▶ _WHAT TO DO_:
Return the data below in full and exactly, except that the pictures are dropped.
Segment Start: RECORDED INFORMATION
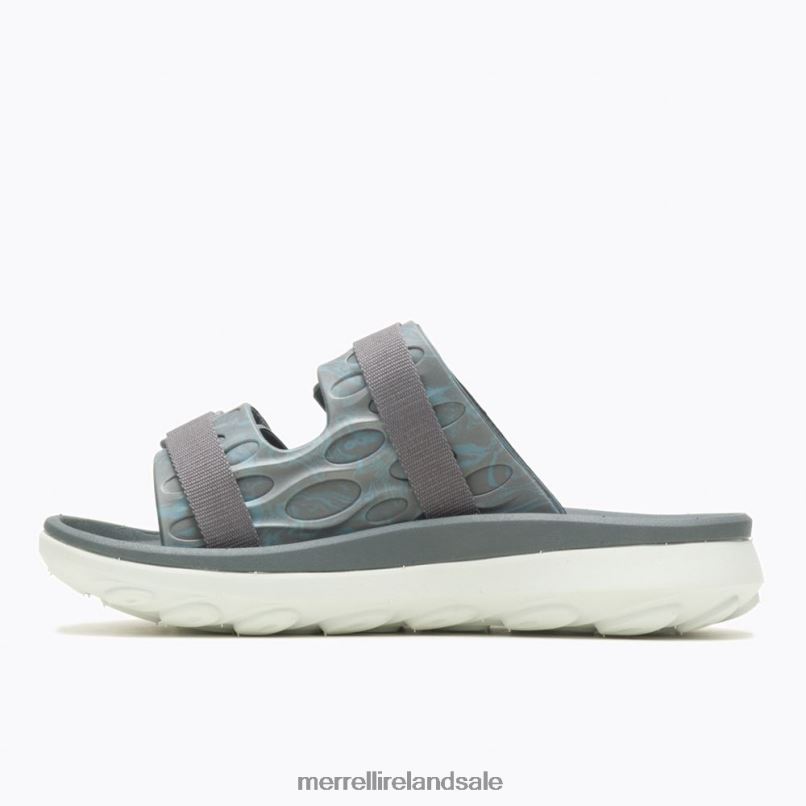 Hut Ultra Wrap (J005243) Merrell Men BX26T112 Rock Shoes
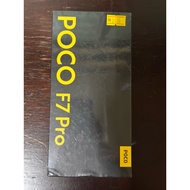 poco f7 pro 12-512gb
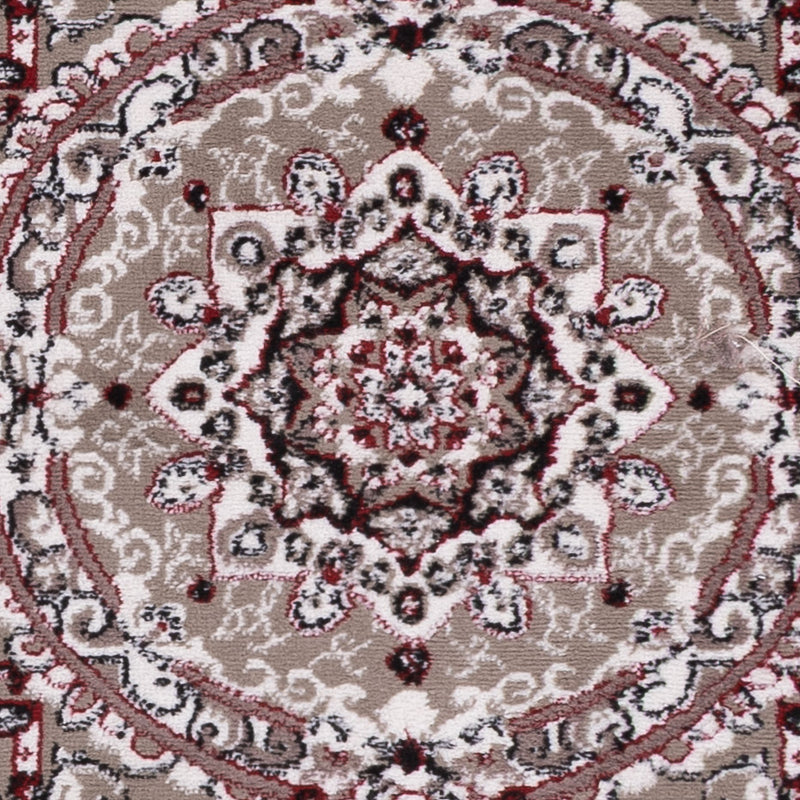 Orientalischer Webteppich 150x100cm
Segment End: RECORDED INFORMATION
▶ _EXERCISE RESULT_:
 Hut Ultra Wrap (J005243) Merrell Men BX26T112 Rock Shoes
 poco f7 pro 12-512gb
 Orientalischer Webteppich 150x100cm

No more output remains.